What the task asks:
Skip any pictures. Repeat the data exactly, from its first line through the line that holds "Three-prong power plug", both included.

══ The input

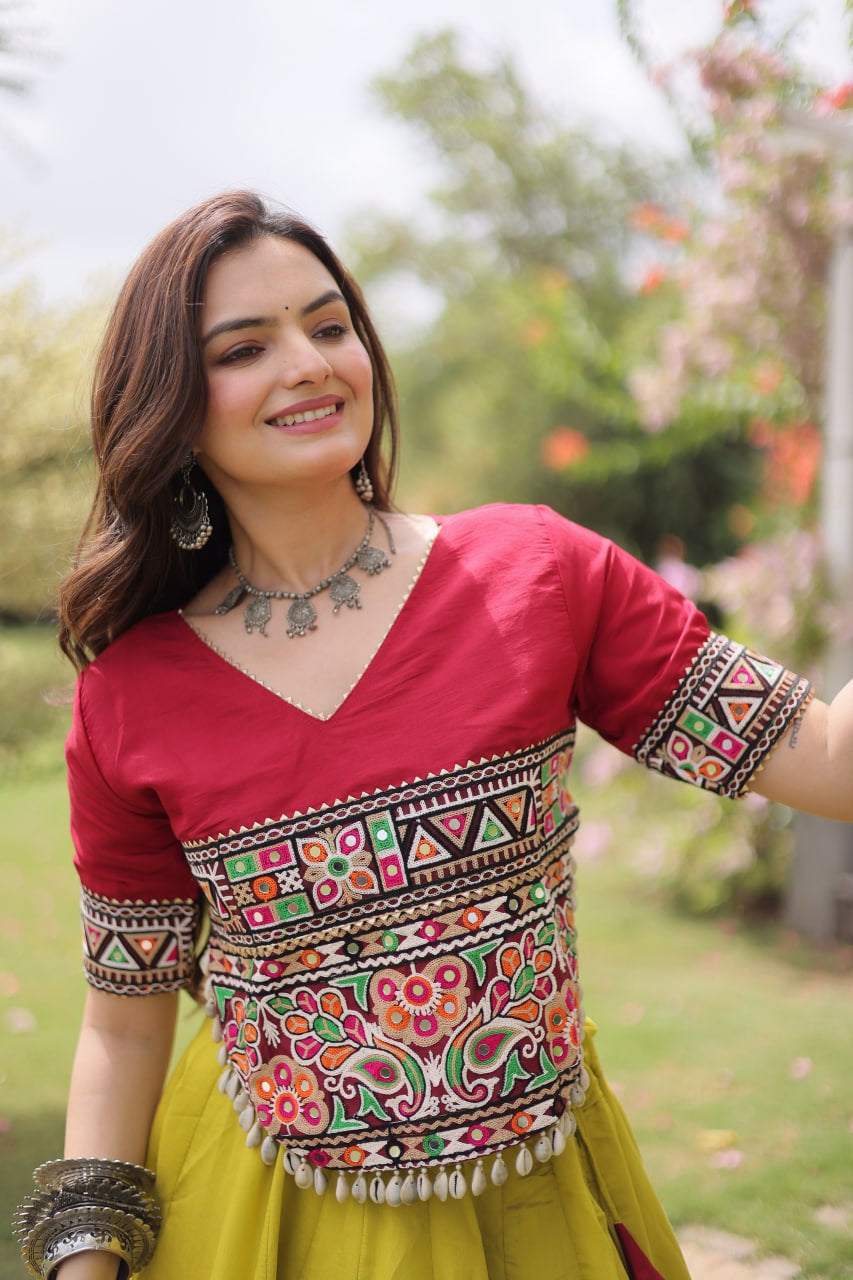 Womenline Maroon Kutchi Embroidered Choli with Lime Green Designer Navratri Lehenga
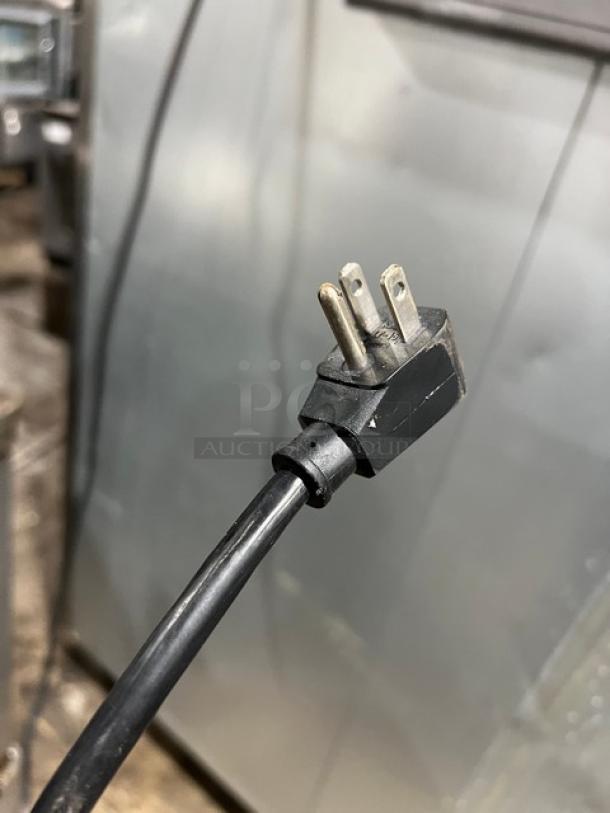 Three-prong power plug from a Turbo Air M3F47-2 reach-in freezer, indicating a 115V, 1-phase connection.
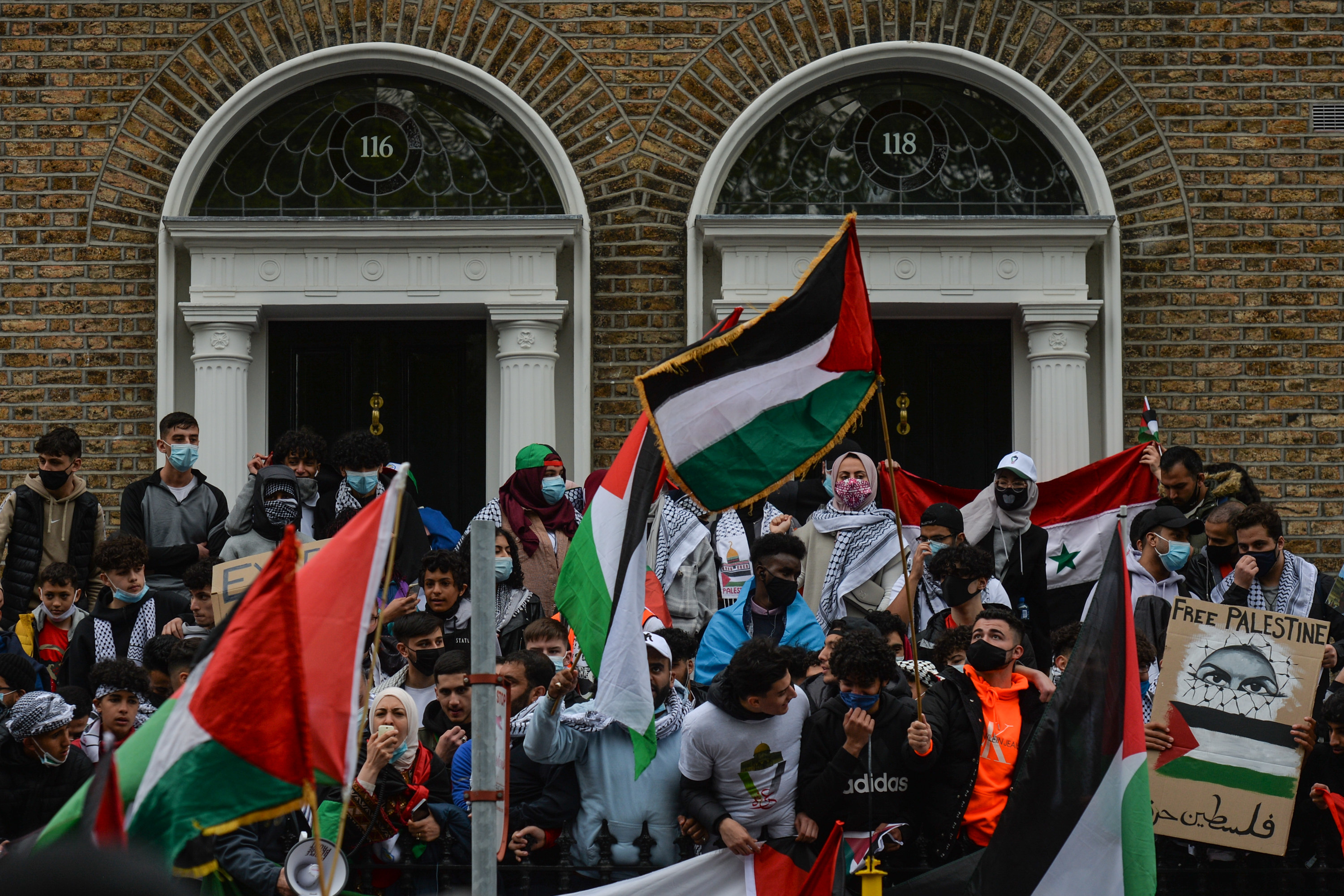 Protesters, many wearing masks, hold up Palestinian and other flags and a &quot;Free Palestine&quot; sign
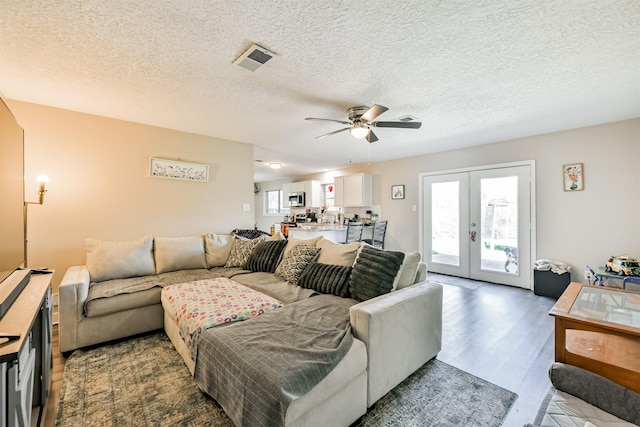 living room featuring visible vents, a ceiling fan, wood finished floors, a textured ceiling, and french doors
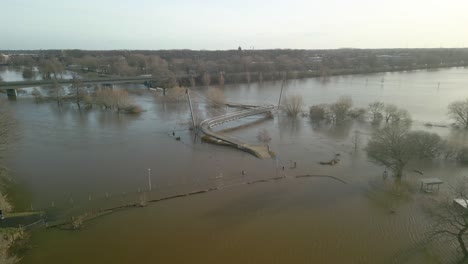 bridge partially immersed in flooded ems river in meppen, germany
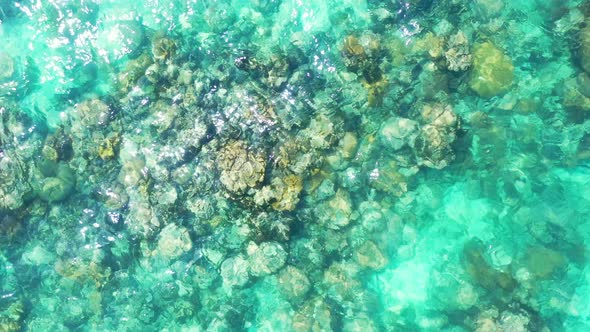 Wide fly over travel shot of a white sand paradise beach and blue ocean background in hi res 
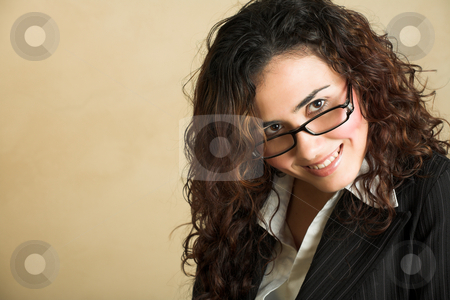 To use this stock image in your creative project, please select the size you need over to the right and click the "Add to Cart" button.
Your downloaded image will come with the Cutcaster watermark removed so don’t worry about the watermark you see on this page. Young adult businesswoman stock photo, Portrait of a beautiful young adult Caucasian businesswoman with light skin and curly brown hair, brown eyes and pink lips, wearing a pinstripe Jacket and white shirt with spectacles by Sean Nel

════

Problem solution:
 Womenline Maroon Kutchi Embroidered Choli with Lime Green Designer Navratri Lehenga
 Three-prong power plug from a Turbo Air M3F47-2 reach-in freezer, indicating a 115V, 1-phase connection.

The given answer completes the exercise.